Domingo de la Trinidad. Jornada pro orantibus


Estamos tan divididos y distantes entre nosotros que apenas podemos imaginar que la diferencia pueda reconciliarse con la unidad. Tenemos tanto miedo a perder nuestra identidad y nuestra libertad que el otro apenas si deja de ser una compañía amenazante, incluso cuando es alguien cercano y querido. Estamos tan fracturados y fragmentados interiormente que ni siquiera nosotros mismos podemos decir que somos uno, perdidos como estamos entre una multitud de afectos, deseos, impulsos que nos habitan y no terminan de armonizarse.
Y sin embargo seguimos diciendo yo y diciendo nosotros, y haciéndolo a la vez, como si no pudiéramos perder esta identidad personal y plural que nos habita herida y anhelante. ¿Cuándo podremos decir yo sin contradicciones?, ¿cuándo podremos decir nosotros sin enfrentamientos?, ¿cuándo nos reconciliaremos con todas nuestras tendencias silvestres que no sabemos amaestrar?, ¿cuándo nos daremos cuenta de que estamos creados para ser nosotros mismos al tiempo de ser de los otros?
Vivimos, desde el principio de los tiempos relaciones viejas, desgastadas por el miedo, la sospecha, la mentira. Pero seguimos invitando una y otra vez a algunos a nuestra vida para ver si ahí, en ellos, encontramos el paraíso de la comunión. No pases de largo, le decía Abraham al Señor que se dejaba ver delante de su tienda en la figura plural de tres peregrinos. ¿Cuántas veces se lo hemos dicho nosotros o lo hemos querido decir a alguien sintiendo que en él podía estar la fecundidad de nuestra vida? ¿Y cuántas veces el diablo ha sonreído cínicamente en nosotros diciéndonos, después del primer traspiés, que no hay nada que hacer, que los otros son como son y nosotros somos ya viejos para fiarnos de expectativas que son propias de jóvenes que no saben de la vida?
Sara se rió mirando su propio cuerpo y el de Abraham y el de la vieja humanidad a la que ya parecía que se le había pasado la oportunidad de ser una y engendrar una vida nueva. Se rió como tantas veces llora nuestro corazón cuando ha desesperado de una vida donde se reúna la integridad, el amor y la fecundidad.
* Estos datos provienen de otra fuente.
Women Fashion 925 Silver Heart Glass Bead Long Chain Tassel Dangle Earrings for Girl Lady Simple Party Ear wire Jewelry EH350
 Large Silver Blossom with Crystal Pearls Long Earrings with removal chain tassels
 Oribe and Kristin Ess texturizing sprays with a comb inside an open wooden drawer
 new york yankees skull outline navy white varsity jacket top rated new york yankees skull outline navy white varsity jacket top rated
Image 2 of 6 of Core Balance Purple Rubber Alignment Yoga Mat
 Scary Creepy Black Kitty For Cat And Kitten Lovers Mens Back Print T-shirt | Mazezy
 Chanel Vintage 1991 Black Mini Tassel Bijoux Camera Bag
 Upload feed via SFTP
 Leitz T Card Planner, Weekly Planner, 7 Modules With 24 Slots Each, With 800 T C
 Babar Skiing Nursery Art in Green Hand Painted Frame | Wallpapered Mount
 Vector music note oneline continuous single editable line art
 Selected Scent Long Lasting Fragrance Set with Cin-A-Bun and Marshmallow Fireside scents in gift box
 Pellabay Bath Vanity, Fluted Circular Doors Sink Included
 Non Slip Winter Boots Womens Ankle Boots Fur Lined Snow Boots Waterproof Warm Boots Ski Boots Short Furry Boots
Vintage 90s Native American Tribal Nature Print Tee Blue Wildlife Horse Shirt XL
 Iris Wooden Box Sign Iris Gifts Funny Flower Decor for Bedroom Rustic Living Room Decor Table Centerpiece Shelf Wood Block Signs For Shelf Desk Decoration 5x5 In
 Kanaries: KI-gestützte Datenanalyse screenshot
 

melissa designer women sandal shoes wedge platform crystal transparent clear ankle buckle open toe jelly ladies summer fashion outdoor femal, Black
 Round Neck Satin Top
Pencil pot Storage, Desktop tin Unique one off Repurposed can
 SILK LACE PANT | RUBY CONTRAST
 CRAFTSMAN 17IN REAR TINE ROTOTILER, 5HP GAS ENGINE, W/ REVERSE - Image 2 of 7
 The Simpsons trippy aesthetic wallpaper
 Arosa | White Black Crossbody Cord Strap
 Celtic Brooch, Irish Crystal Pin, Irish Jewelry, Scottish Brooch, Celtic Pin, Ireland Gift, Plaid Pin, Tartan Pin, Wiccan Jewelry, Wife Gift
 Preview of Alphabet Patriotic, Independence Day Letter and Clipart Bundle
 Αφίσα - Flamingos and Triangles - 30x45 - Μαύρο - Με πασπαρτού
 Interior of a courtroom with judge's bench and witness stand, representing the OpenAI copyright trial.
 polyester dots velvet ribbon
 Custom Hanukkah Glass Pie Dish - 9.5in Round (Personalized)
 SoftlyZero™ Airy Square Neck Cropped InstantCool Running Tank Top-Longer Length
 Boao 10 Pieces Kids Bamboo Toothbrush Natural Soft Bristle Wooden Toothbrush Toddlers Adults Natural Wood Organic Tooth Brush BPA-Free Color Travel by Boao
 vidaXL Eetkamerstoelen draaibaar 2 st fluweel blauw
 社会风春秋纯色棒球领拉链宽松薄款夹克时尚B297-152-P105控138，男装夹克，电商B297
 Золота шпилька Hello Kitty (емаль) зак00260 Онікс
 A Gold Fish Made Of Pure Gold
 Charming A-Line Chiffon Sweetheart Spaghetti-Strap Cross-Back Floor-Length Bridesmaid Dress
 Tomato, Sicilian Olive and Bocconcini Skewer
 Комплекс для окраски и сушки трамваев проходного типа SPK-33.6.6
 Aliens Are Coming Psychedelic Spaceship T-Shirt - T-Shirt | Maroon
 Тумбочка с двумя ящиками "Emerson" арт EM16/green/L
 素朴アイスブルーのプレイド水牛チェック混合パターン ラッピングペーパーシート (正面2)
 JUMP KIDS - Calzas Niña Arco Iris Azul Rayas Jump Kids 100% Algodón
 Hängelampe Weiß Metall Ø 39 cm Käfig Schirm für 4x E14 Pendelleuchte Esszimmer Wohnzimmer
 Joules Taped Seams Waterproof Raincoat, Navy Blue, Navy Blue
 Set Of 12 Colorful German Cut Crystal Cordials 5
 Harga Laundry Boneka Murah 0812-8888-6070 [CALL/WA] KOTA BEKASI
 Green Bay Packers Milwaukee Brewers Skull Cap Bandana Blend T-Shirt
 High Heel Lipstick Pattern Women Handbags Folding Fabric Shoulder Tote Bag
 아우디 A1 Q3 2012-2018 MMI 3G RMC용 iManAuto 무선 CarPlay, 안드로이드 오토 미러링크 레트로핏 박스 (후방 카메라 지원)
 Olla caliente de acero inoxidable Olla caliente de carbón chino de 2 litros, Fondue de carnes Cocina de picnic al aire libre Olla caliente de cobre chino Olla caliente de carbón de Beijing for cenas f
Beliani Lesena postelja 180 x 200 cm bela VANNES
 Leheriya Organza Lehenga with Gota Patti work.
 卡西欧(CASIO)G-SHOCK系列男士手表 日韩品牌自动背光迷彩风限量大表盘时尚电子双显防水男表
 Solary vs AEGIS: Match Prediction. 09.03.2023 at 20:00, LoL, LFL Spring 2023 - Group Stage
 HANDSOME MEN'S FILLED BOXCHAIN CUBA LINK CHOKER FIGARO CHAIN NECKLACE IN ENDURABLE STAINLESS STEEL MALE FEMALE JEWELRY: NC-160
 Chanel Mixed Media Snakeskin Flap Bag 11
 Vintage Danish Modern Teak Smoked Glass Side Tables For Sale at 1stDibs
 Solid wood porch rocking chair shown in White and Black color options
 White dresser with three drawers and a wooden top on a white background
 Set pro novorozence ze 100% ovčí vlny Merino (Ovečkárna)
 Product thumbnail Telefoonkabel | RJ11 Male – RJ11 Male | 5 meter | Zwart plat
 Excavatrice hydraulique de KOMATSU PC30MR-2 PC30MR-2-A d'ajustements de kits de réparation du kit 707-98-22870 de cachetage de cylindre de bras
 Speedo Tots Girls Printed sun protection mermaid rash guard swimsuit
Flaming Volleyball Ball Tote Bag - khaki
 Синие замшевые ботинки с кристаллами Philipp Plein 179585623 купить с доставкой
Pero era Dios quién allí mismo había pronunciado su profecía. Dios mismo. Era Dios el que se había parado y aceptado la invitación a comer y descansar, y había despertado de nuevo, con la promesa de un simple hijo, el deseo de un encuentro sin distancias con el sueño y la vocación primera de Abraham: ser él mismo un pueblo numeroso, ser él mismo una bendición para todos los pueblos. Porque estaba hecho a imagen de Dios, hecho para que cupiera en él la multiplicidad de lo distinto y la bendición que lo reúne sin distancias con el vínculo del amor. Por eso Abraham comenzó a interceder, en el siguiente capítulo de su vida, por todos, también por los habitantes de Sodoma y Gomorra que parecían perdidos sin solución. Dios le había abierto su corazón como a Sara las entrañas. Le había hecho comprender que estaba creado a imagen y semejanza de ese Dios que camina en su eternidad en un diálogo de peregrinos que van al mismo paso, sin apenas diferenciarse, amándose como se aman.
Esto pensó Cuarto, nuestro hermano, cuando escuchó el pasaje de Génesis y todos estaban admirándose del milagro y deseando pedir su propio hijo, su propio milagro. Esto pensó, y se retiró por largo tiempo de sus negocios para meditar, porque veía que en los negocios de la vida se buscan demasiado deprisa fecundidades inmediatas y la fecundidad de Dios es solo el amor y va para largo, para caminar por la vida eterna. Cuando volvío a la ciudad, después de mucho tiempo, todos a su alrededor se sentían uno, acogidos y bendecidos en su mirada.